I drove home Sunday from Masters track nationals (9 hours drive, 8 in the rain) and just discovered one of the dropout screws has fallen out while the bike was on top of my car. Does anybody know how to get them or a part number to order them? Super Dave? Thanks for any help!


----------



## Superdave3T (May 11, 2009)

wkwong said:


> I drove home Sunday from Masters track nationals (9 hours drive, 8 in the rain) and just discovered one of the dropout screws has fallen out while the bike was on top of my car. Does anybody know how to get them or a part number to order them? Super Dave? Thanks for any help!


You can get the set screws from McMaster-Carr I'm pretty sure they are M4 x 0.7mm. The length required is really dependent on your gear selection.

If you strike out finding some online, shoot me an email. 
I resigned from Felt after wrapping up the 2017 model year development in February but I've got a few of the track frames and can send you a set screw.

Hope you weren't rained out at track natz.

-SD


----------



## wkwong (Nov 29, 2005)

Dave, thanks a million! I found them on MC. I'll get the Stainless version since the OEM ones I had were starting to get a little rusty. 

Unfortunately my main events (200m & TS) got rained out completely. Frustrating but there's nothing you can do about it. Tom Mahoney & crew did a great job of trying to make it work. I appreciated that. 

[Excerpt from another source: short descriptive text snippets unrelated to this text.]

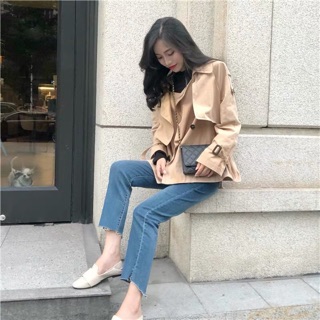 Áo khoác kaki dáng ngắn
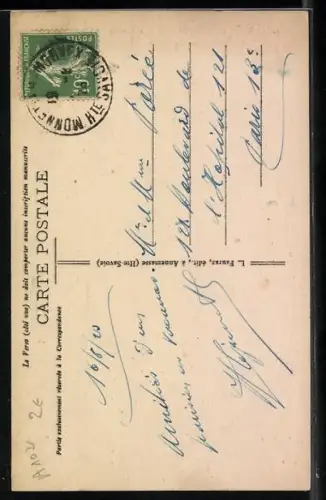 AK Monnetier /Hte-Savoie, Le Château et le Funiculaire du Salève, Bergbahn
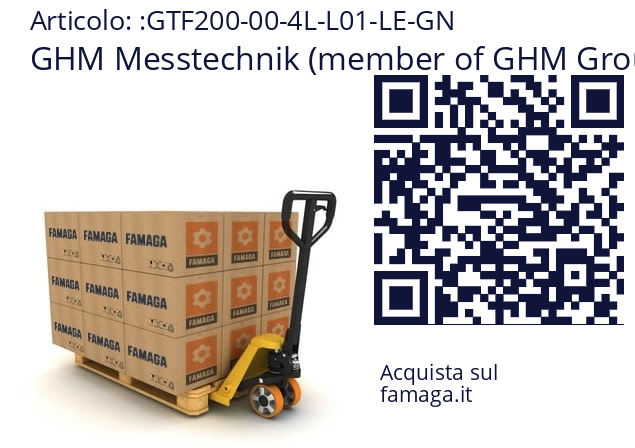   GHM Messtechnik (member of GHM Group) GTF200-00-4L-L01-LE-GN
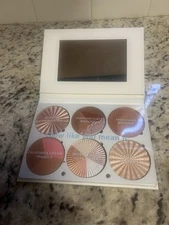 NIB New OFRA ON THE GLOW Highlighting & Bronzing Palette Powder X 6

Best of luck on your next endeavor. You're a fountain of knowledge and I'm sure it'll be a good place.


----------



## Superdave3T (May 11, 2009)

wkwong said:


> Dave, thanks a million! I found them on MC. I'll get the Stainless version since the OEM ones I had were starting to get a little rusty.
> 
> Unfortunately my main events (200m & TS) got rained out completely. Frustrating but there's nothing you can do about it. Tom Mahoney & crew did a great job of trying to make it work. I appreciated that.
> 
> Best of luck on your next endeavor. You're a fountain of knowledge and I'm sure it'll be a good place.


Be careful with stainless, it's a bit softer. Don't try to get away with using a ball-end hex key.
bummer about the weather, you coming out here for Worlds next year? It'll be 74 degrees and bone dry inside  Hope to catch you at the track if you do although I certainly won't be contesting any sprint events.

I landed at 3T and will be working on the next generation of products there with Gerard Vroomen. Pretty excited to have such an incredible resource. The first new item was our adjustable Apto stem, then Discus Plus 650B road wheels, most recently we introduced the worlds first high performance multi-surface bike.

Cheers,
SD


----------